-- Opening Marker --

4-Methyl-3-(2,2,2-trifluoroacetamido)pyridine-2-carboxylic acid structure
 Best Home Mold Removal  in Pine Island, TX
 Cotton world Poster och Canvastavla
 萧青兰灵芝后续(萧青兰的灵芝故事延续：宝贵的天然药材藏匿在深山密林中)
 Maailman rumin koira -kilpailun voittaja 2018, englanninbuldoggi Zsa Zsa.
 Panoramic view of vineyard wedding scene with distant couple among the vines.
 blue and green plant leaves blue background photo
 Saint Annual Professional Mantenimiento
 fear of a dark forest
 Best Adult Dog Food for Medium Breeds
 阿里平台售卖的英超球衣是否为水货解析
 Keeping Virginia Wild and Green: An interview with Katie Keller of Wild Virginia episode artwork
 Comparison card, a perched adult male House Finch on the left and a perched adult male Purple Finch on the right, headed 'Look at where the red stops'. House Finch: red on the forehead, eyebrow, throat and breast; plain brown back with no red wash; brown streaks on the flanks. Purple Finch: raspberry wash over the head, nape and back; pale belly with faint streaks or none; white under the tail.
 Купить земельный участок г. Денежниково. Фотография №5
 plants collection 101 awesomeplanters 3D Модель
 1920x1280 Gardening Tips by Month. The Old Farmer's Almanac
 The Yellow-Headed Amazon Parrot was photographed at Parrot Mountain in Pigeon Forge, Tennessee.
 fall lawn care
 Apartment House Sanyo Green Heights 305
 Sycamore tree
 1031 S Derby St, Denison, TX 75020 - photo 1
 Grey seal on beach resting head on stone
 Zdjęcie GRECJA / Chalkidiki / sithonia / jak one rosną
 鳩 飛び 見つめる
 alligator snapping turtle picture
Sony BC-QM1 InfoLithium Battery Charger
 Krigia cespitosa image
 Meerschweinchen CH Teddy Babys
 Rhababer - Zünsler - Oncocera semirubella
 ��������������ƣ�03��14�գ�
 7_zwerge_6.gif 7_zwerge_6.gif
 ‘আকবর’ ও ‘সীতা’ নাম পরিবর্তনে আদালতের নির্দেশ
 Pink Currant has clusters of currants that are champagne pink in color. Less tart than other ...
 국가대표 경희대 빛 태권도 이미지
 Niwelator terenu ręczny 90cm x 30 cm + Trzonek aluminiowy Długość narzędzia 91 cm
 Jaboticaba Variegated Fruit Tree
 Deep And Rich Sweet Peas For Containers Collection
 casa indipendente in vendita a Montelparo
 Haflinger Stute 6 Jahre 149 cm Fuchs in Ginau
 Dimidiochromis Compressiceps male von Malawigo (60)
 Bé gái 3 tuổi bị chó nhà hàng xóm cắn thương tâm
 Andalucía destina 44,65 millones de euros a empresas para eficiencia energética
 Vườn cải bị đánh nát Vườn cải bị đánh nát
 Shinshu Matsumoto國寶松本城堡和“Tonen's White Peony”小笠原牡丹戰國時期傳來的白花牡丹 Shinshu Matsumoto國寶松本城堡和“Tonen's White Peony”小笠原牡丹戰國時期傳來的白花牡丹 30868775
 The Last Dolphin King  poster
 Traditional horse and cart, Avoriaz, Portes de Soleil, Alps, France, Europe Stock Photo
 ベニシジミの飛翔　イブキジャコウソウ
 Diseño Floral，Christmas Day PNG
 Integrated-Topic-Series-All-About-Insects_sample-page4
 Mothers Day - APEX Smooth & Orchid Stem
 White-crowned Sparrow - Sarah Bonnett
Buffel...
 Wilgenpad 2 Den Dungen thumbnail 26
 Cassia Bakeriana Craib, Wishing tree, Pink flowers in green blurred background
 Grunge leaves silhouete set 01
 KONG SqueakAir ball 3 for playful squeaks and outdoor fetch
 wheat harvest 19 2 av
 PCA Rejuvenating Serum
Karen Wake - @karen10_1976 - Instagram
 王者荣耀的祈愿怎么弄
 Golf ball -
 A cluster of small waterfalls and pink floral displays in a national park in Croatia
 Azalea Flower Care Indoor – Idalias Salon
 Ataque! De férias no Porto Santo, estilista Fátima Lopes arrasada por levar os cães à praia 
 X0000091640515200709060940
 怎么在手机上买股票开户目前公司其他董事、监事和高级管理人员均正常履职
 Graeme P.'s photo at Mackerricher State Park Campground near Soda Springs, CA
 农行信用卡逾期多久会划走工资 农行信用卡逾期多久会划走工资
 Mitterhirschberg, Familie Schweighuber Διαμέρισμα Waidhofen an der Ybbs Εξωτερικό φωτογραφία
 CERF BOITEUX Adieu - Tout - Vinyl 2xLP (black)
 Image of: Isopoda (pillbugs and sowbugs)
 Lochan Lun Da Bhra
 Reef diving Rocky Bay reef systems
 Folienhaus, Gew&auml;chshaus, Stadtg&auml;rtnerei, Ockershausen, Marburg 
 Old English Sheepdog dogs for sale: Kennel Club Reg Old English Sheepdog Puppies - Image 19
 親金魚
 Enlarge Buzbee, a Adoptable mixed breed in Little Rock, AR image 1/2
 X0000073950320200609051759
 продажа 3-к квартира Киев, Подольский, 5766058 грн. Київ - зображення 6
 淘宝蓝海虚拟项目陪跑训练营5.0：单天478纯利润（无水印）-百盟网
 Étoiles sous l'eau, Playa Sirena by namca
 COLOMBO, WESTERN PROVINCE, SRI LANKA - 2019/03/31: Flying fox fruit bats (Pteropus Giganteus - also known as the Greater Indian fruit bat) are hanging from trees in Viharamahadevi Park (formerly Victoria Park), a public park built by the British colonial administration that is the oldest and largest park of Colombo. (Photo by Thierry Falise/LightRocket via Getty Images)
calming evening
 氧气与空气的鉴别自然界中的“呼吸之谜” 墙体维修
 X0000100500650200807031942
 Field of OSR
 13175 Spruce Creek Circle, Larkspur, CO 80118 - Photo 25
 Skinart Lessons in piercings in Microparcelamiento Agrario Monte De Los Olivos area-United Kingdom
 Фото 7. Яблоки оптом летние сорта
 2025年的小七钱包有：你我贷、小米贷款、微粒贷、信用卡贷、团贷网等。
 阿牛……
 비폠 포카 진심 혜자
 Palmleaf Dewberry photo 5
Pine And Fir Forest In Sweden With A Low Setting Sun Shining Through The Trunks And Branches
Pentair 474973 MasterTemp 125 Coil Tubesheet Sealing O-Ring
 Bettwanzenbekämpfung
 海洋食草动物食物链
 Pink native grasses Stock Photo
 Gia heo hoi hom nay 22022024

-- Closing Marker --

» WHAT IS REQUIRED
Reproduce exactly the stretch of the material above that starts at the line with "PCA Rejuvenating Serum" and ends at the line with "怎么在手机上买股票开户目前公司其他董事、监事和高级管理人员均正常履职", both included, and nothing else.

» RESULT OF THE TASK
 PCA Rejuvenating Serum
Karen Wake - @karen10_1976 - Instagram
 王者荣耀的祈愿怎么弄
 Golf ball -
 A cluster of small waterfalls and pink floral displays in a national park in Croatia
 Azalea Flower Care Indoor – Idalias Salon
 Ataque! De férias no Porto Santo, estilista Fátima Lopes arrasada por levar os cães à praia 
 X0000091640515200709060940
 怎么在手机上买股票开户目前公司其他董事、监事和高级管理人员均正常履职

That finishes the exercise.